Image-caption web data
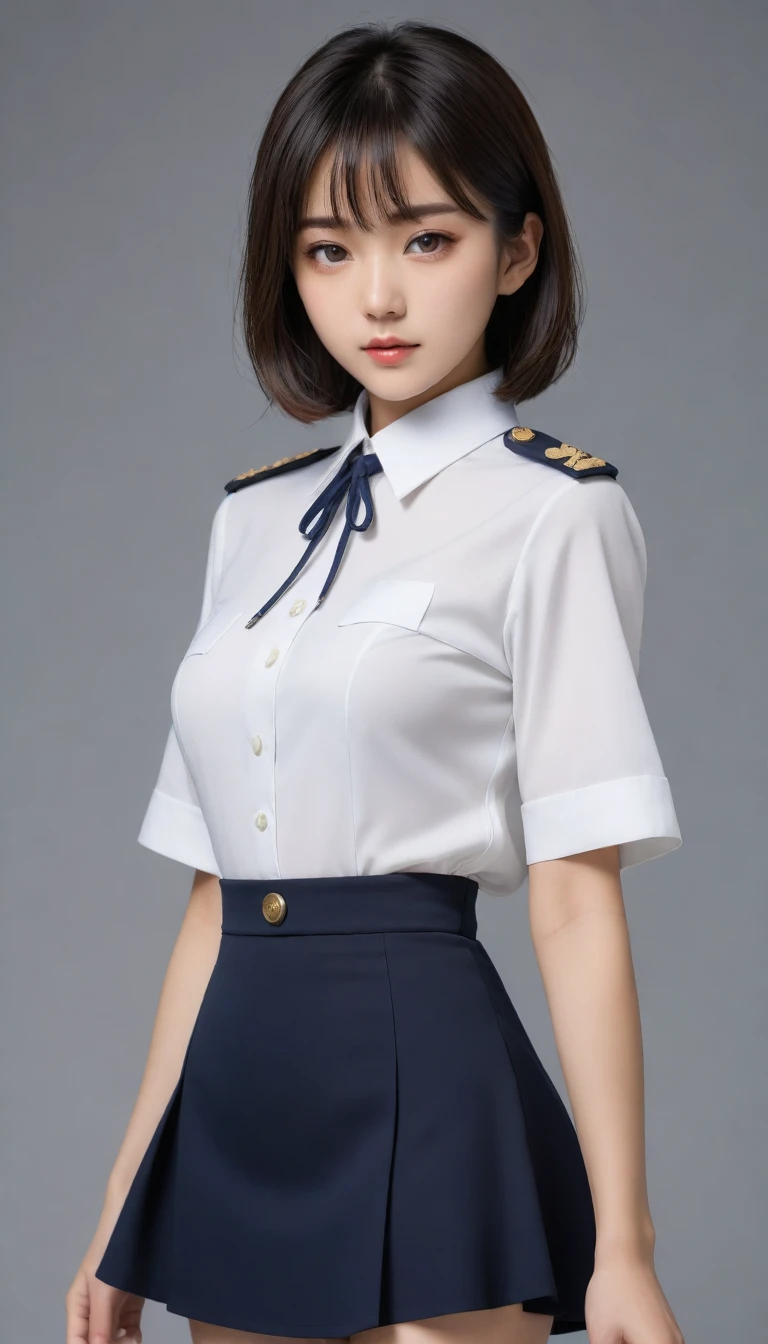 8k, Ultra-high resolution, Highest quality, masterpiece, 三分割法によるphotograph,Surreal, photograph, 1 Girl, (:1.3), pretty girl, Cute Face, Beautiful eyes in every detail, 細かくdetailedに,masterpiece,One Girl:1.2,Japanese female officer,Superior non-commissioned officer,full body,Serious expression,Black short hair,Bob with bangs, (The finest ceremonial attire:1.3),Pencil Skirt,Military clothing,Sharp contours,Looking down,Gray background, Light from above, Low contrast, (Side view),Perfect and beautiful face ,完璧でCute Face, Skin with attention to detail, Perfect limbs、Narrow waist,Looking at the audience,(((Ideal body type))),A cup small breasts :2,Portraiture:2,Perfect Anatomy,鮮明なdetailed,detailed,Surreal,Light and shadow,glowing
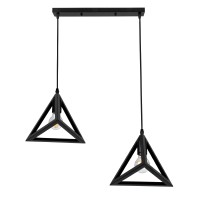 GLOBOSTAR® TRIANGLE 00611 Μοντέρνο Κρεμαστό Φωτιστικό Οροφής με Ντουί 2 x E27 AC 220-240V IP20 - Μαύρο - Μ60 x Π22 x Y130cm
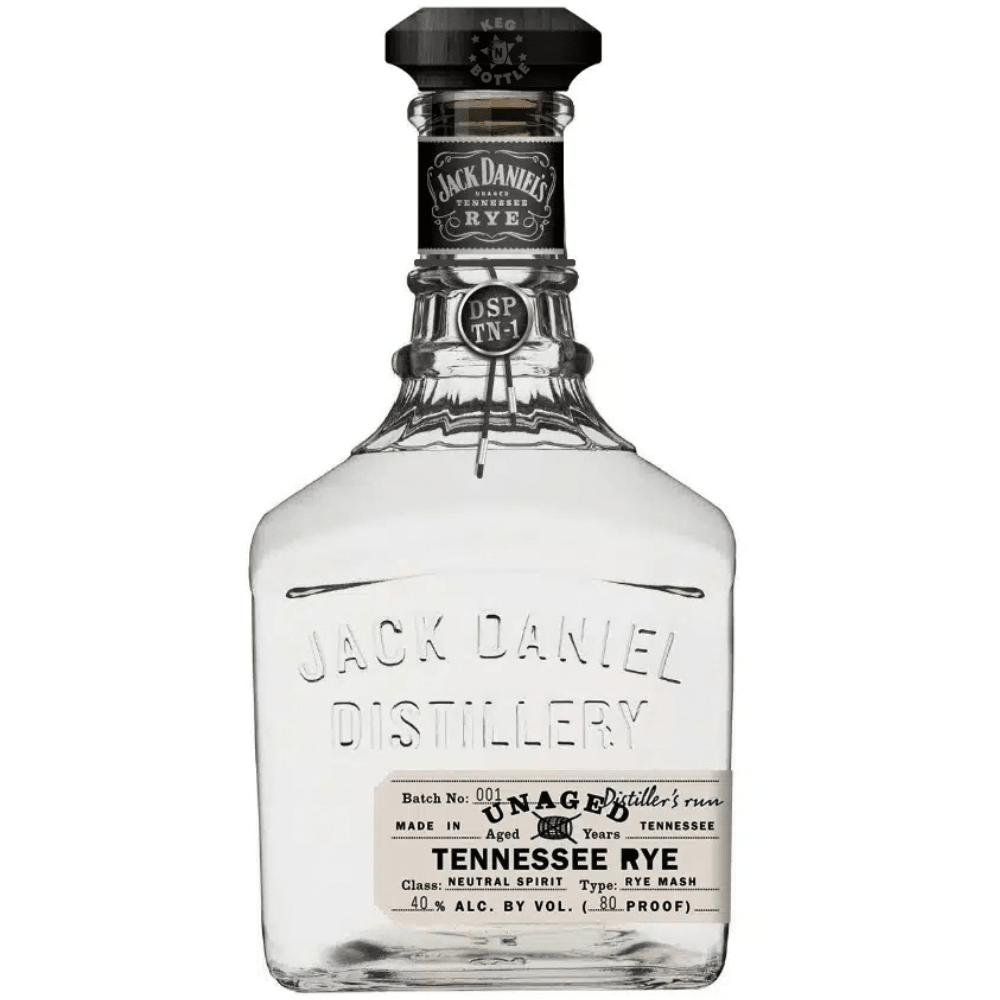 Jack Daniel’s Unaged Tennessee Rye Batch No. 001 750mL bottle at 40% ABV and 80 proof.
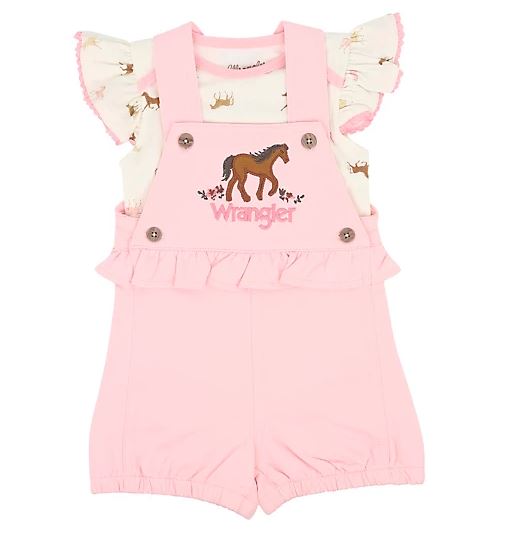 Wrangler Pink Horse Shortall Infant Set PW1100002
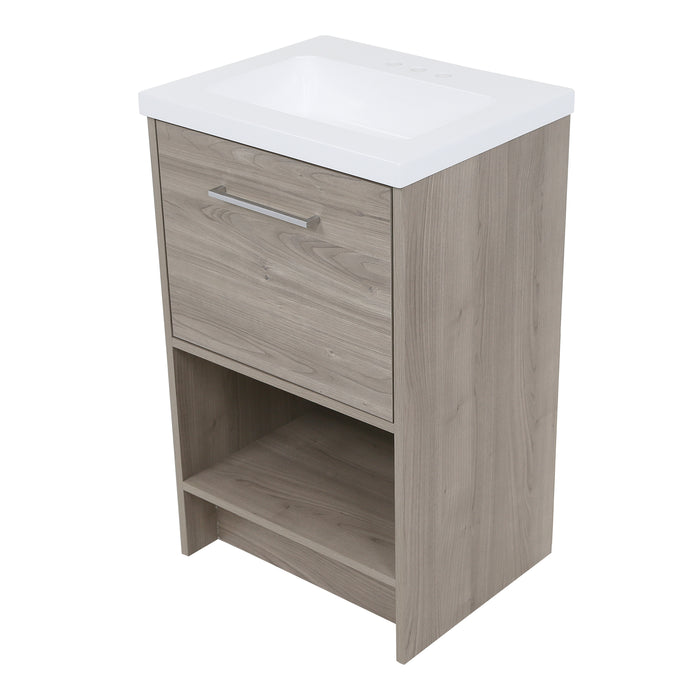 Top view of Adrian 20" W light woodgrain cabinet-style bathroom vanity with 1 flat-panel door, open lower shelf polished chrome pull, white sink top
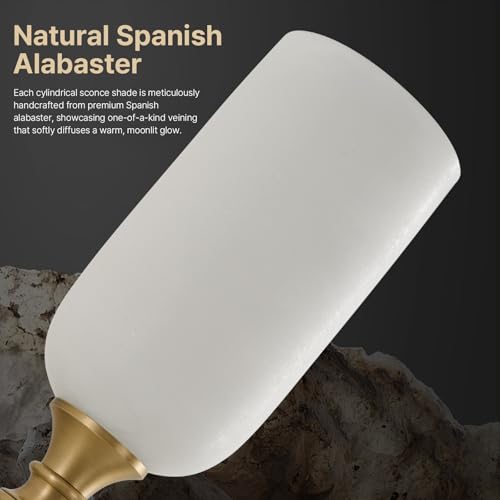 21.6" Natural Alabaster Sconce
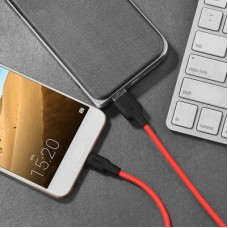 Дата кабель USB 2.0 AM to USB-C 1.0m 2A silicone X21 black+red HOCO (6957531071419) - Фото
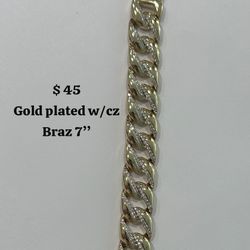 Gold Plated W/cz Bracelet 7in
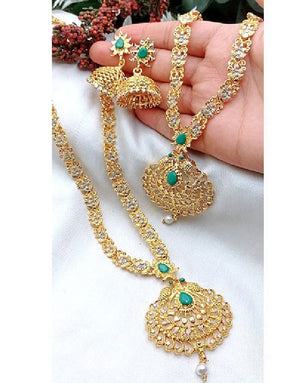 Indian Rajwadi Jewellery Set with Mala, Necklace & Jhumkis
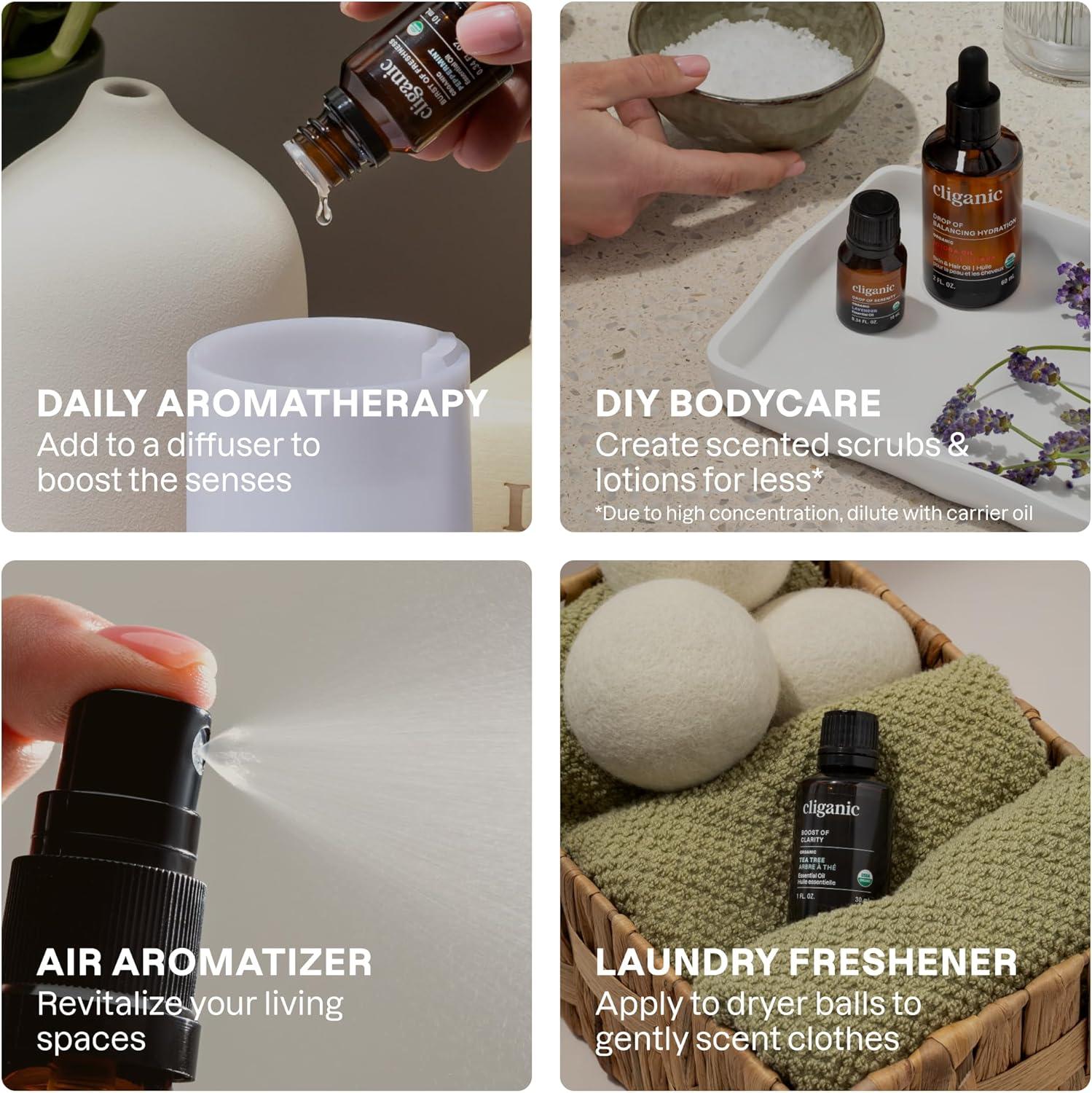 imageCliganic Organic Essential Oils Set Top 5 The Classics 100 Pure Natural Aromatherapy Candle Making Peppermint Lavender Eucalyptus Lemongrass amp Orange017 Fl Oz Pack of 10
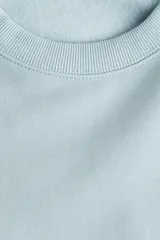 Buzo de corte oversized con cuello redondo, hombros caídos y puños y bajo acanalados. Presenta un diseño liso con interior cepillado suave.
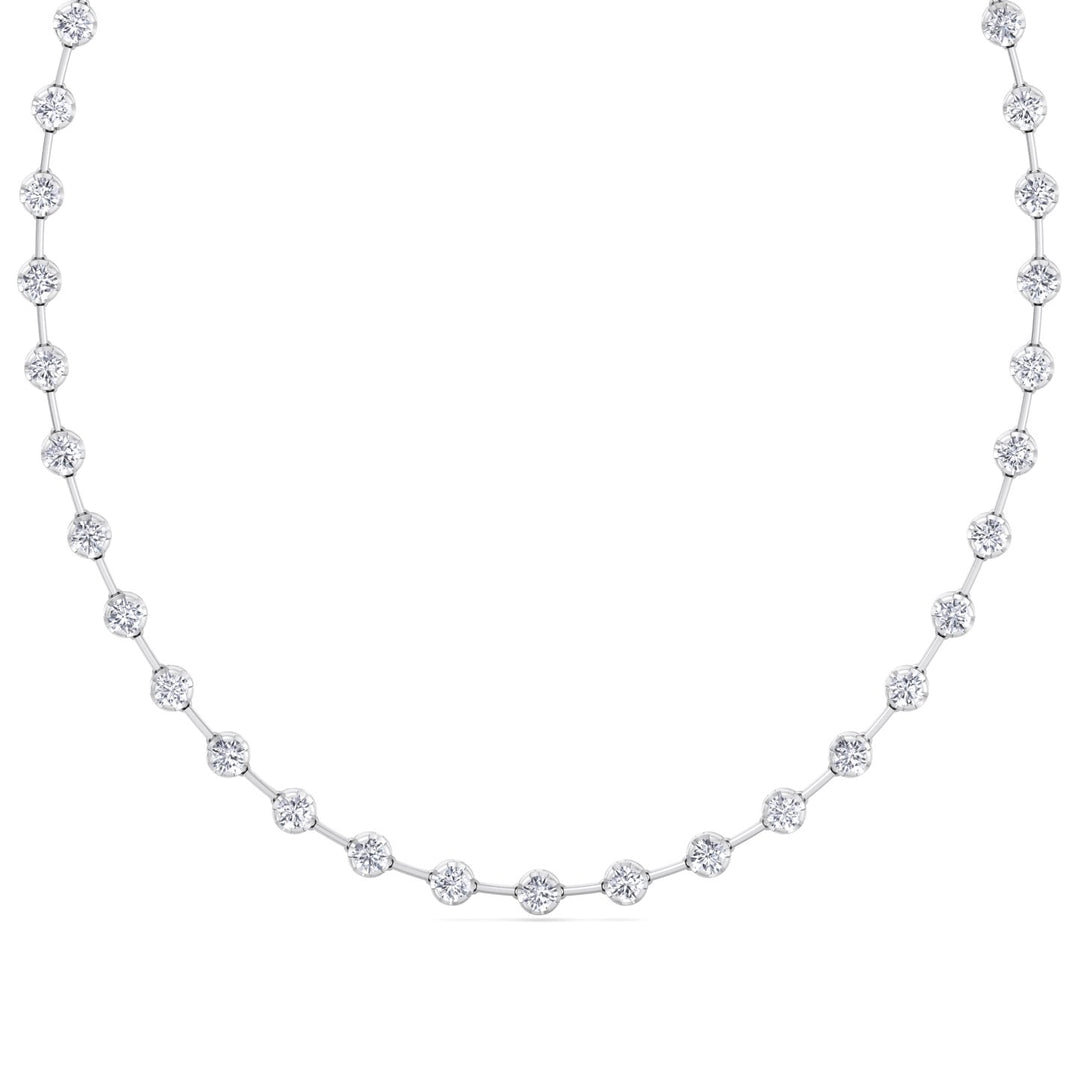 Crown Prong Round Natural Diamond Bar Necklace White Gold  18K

◆ Task description
Using the data above, retype exactly and only the lines from the one containing "Jack Daniel’s Unaged" up to and including the one containing "Indian Rajwadi Jewellery", with no pictures carried over.

◆ Answer below
 Jack Daniel’s Unaged Tennessee Rye Batch No. 001 750mL bottle at 40% ABV and 80 proof.
 Wrangler Pink Horse Shortall Infant Set PW1100002
 Top view of Adrian 20" W light woodgrain cabinet-style bathroom vanity with 1 flat-panel door, open lower shelf polished chrome pull, white sink top
 21.6" Natural Alabaster Sconce
 Дата кабель USB 2.0 AM to USB-C 1.0m 2A silicone X21 black+red HOCO (6957531071419) - Фото
 Gold Plated W/cz Bracelet 7in
 Indian Rajwadi Jewellery Set with Mala, Necklace & Jhumkis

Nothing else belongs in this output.